▸ TASK TO COMPLETE:
Please retype, word for word, the line containing "2286 Lake Francis Drive Apopka FL 32712" and every line after it through the end of the records, leaving out all pictures.
======== INPUT RECORDS
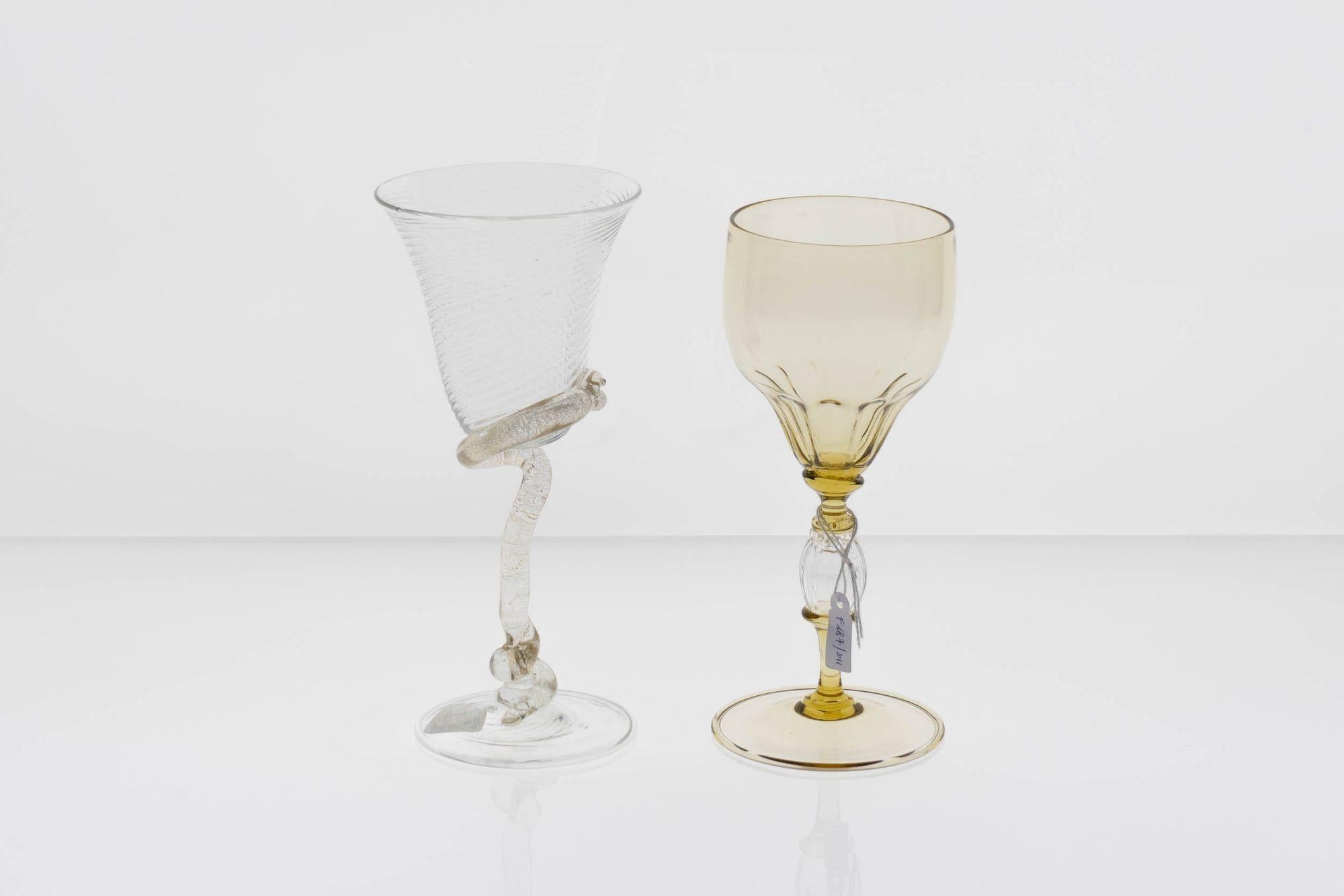 Ensemble éclectique de Collector de 8 verres Cenedese, chacun avec un design différent. Unique en son genre en vente 1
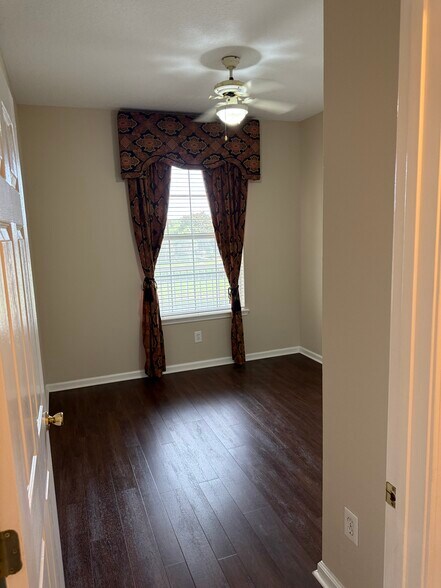 Building Photo - 7801 Point Meadows Dr
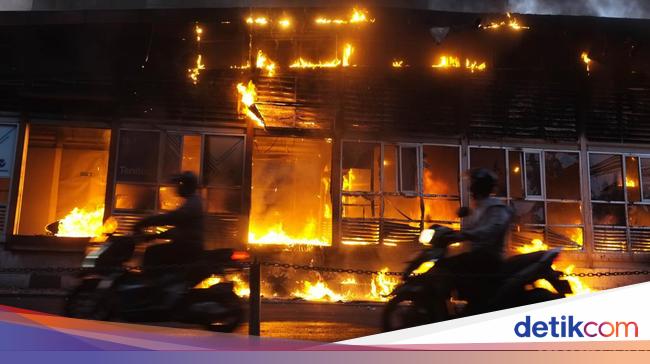 Kebakaran Halte TransJakarta Tendean Diduga Dipicu Korsleting Listrik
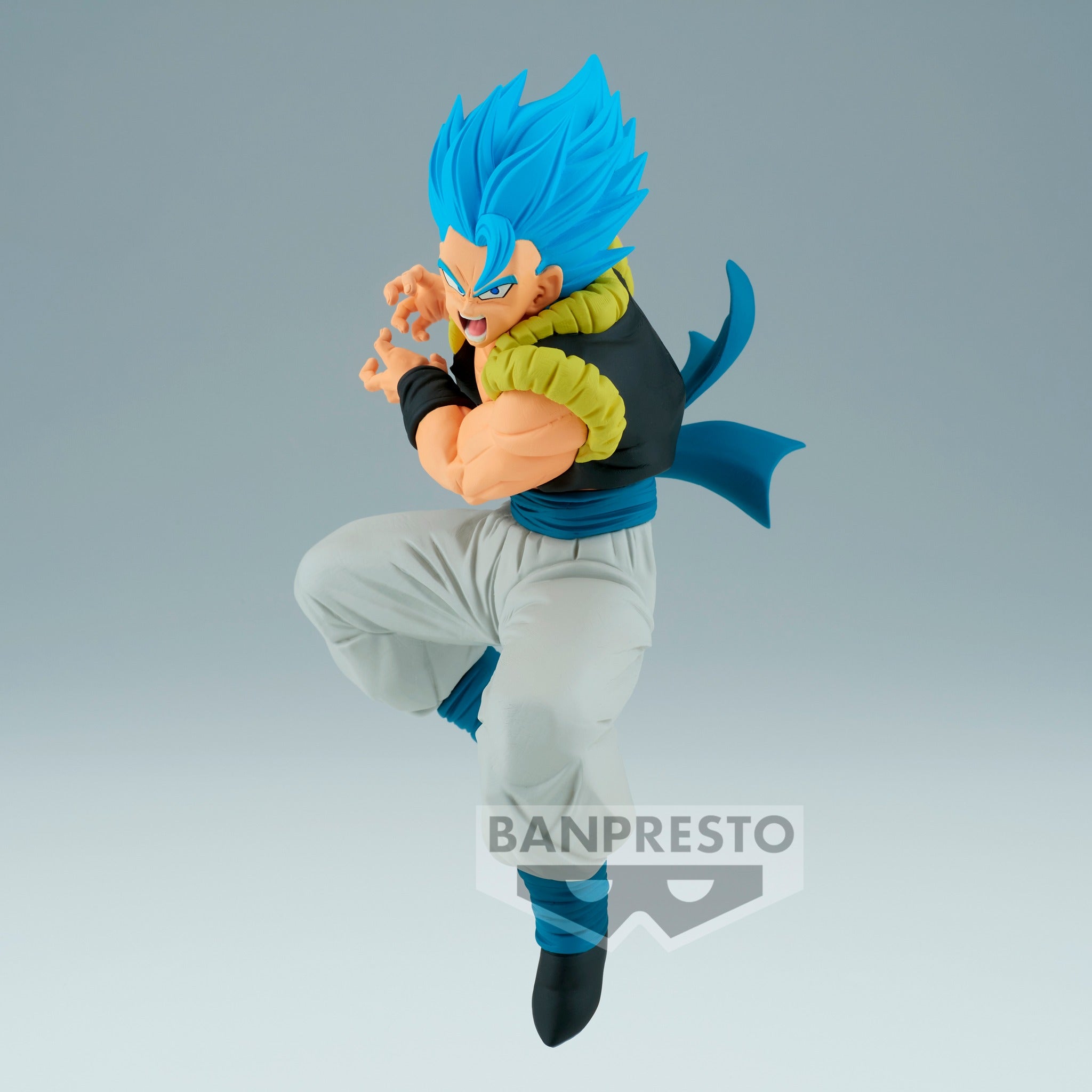 Figurine de Gogeta en Super Saiyan Blue mesurant 11 cm, vêtue d'un gilet noir avec des rembourrages jaunes, un pantalon blanc et des bottes noires, dans une posture dynamique prête à lancer un Kamehameha.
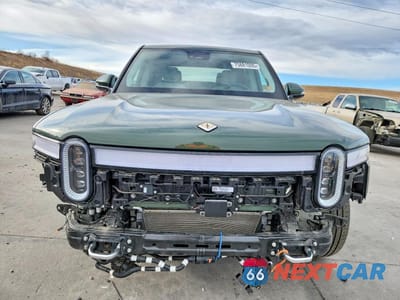 Piąte zdjęcie samochodu w środku: 2023 RIVIAN R1T ADVENTURE VIN:7FCTGBAA2PN029504 - miniatura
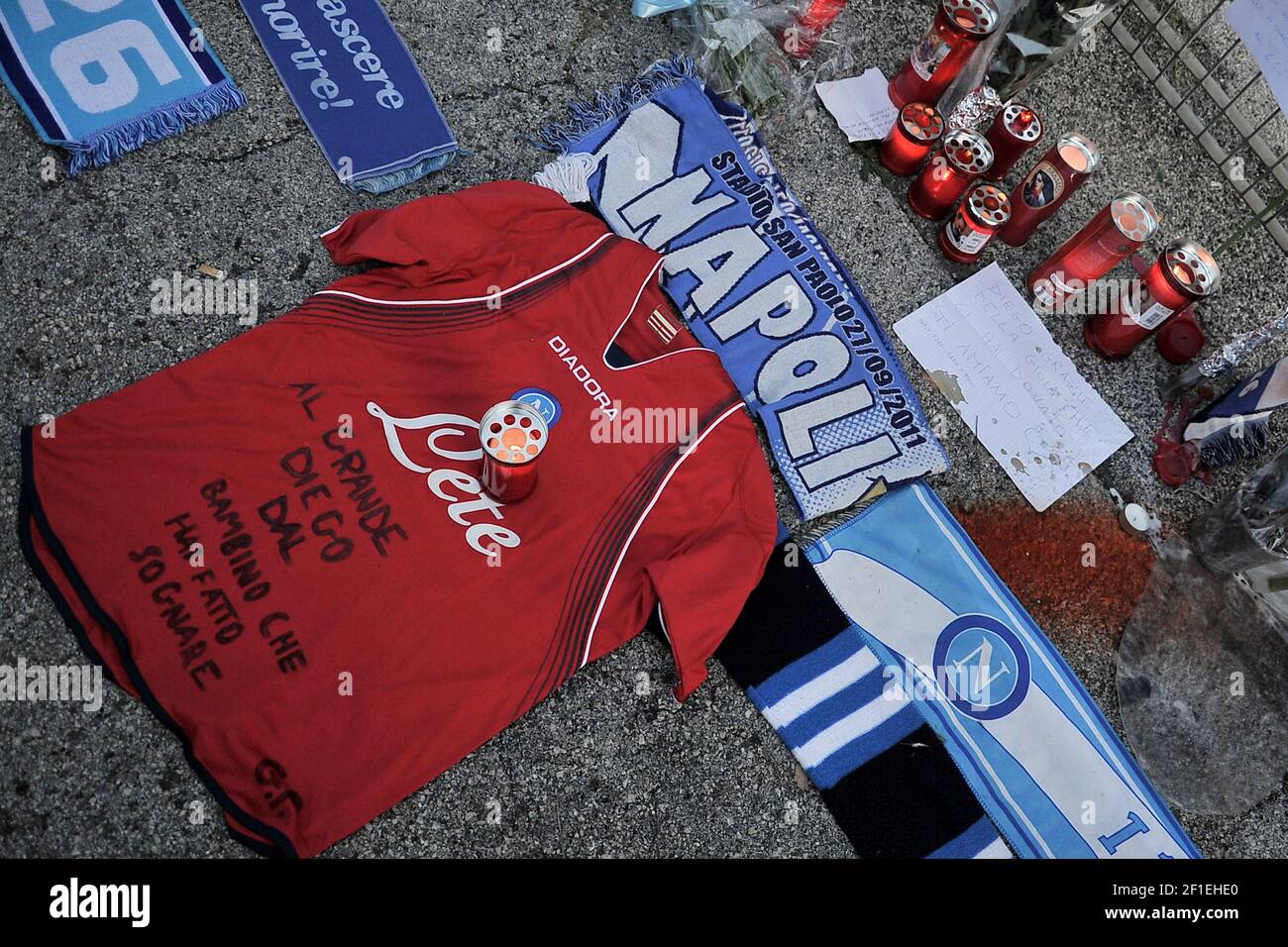Los fans de Nápoles recuerdan a Diego Armando Maradona fuera del estadio de  San Paolo. Italia, 26 de noviembre de 2020 Fotografía de stock - Alamy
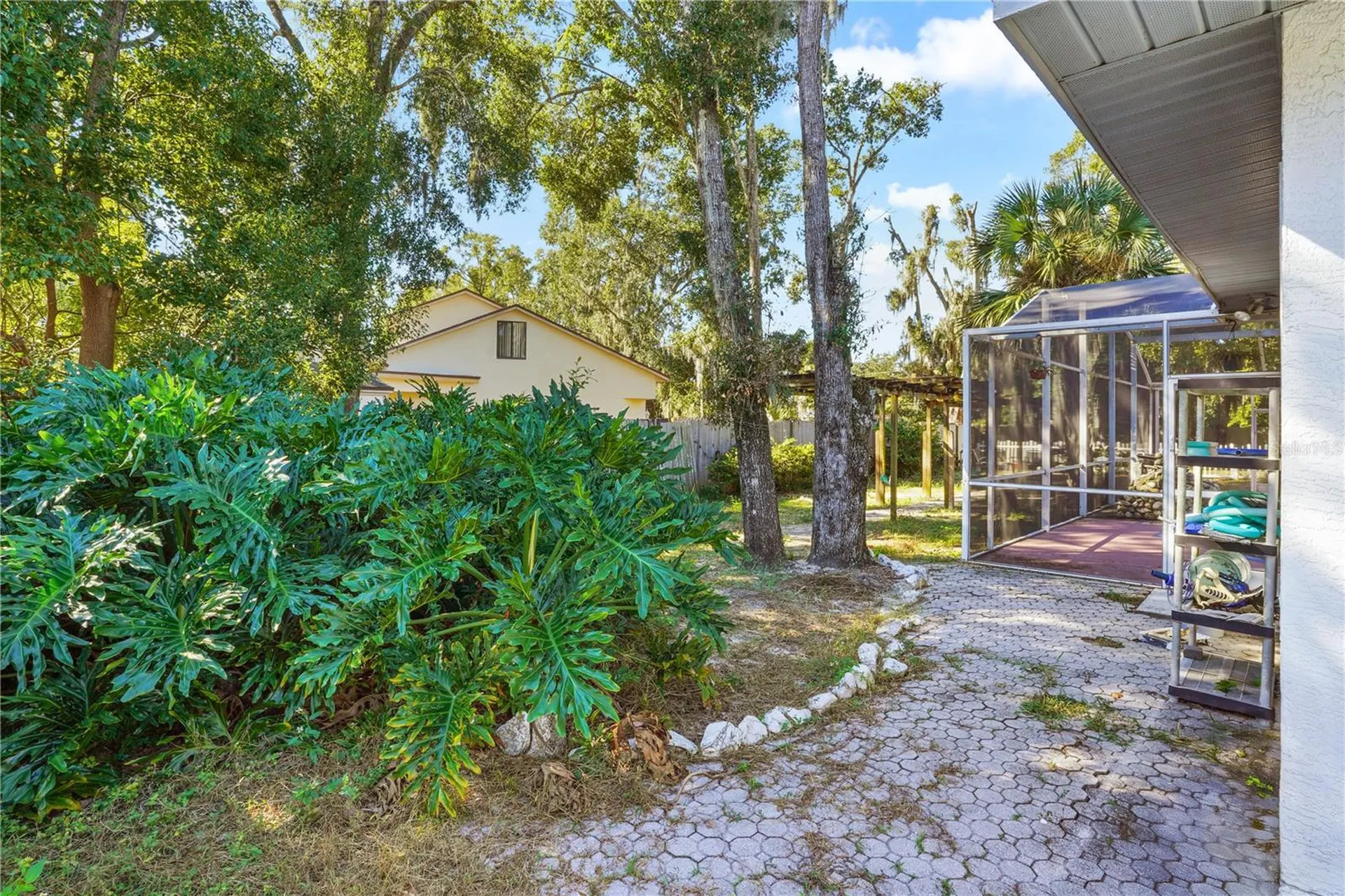 2286 Lake Francis Drive Apopka FL 32712
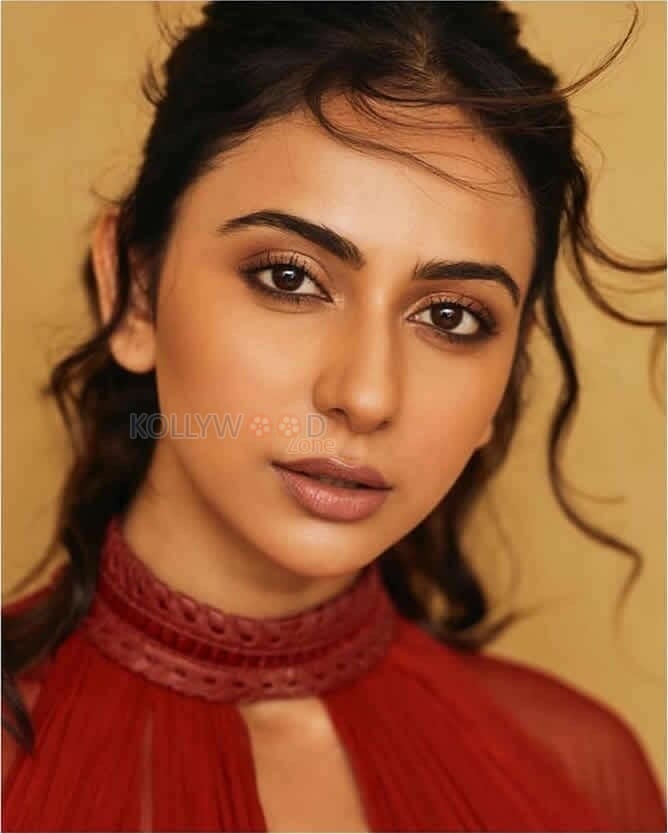 Actress Rakul Preet Singh Sexy Cleavage Topless Photos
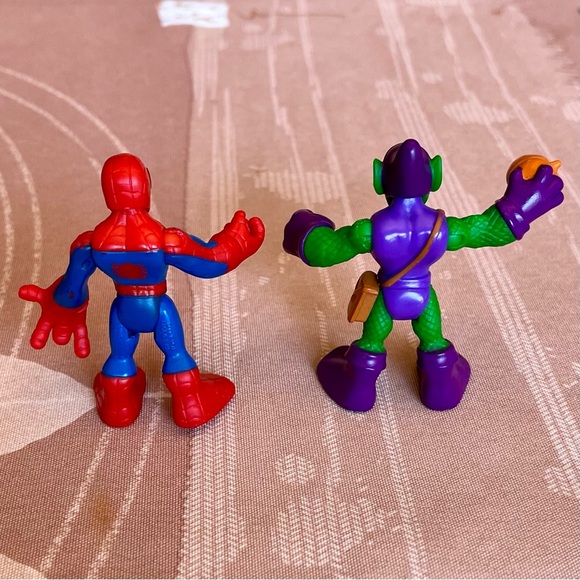 Playskool Marvel Super Heroes Adventures Spider-Man & Goblin 2.5” Figure - Picture 4 of 7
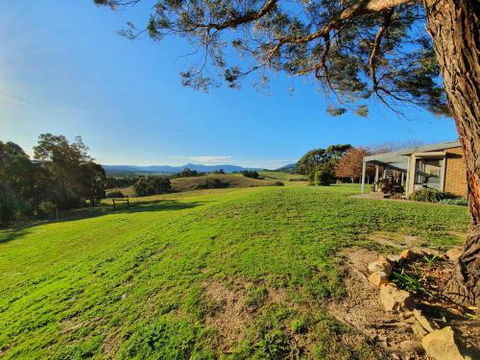 GRACEDALE HILLS HOMESTEAD - Accommodation Perth 6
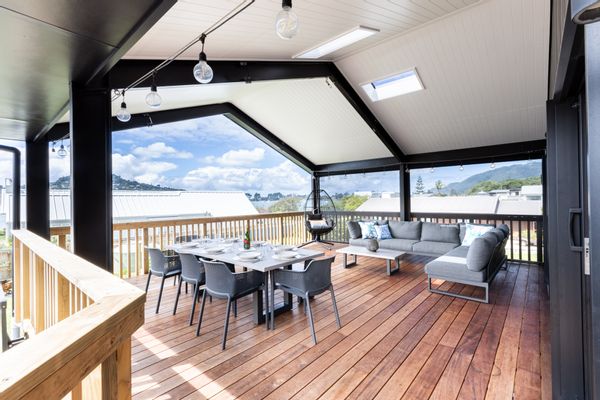 Tairua beachside town retreat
================
▸ WORKED SOLUTION:
 2286 Lake Francis Drive Apopka FL 32712
 Actress Rakul Preet Singh Sexy Cleavage Topless Photos
 Playskool Marvel Super Heroes Adventures Spider-Man & Goblin 2.5” Figure - Picture 4 of 7
 GRACEDALE HILLS HOMESTEAD - Accommodation Perth 6
 Tairua beachside town retreat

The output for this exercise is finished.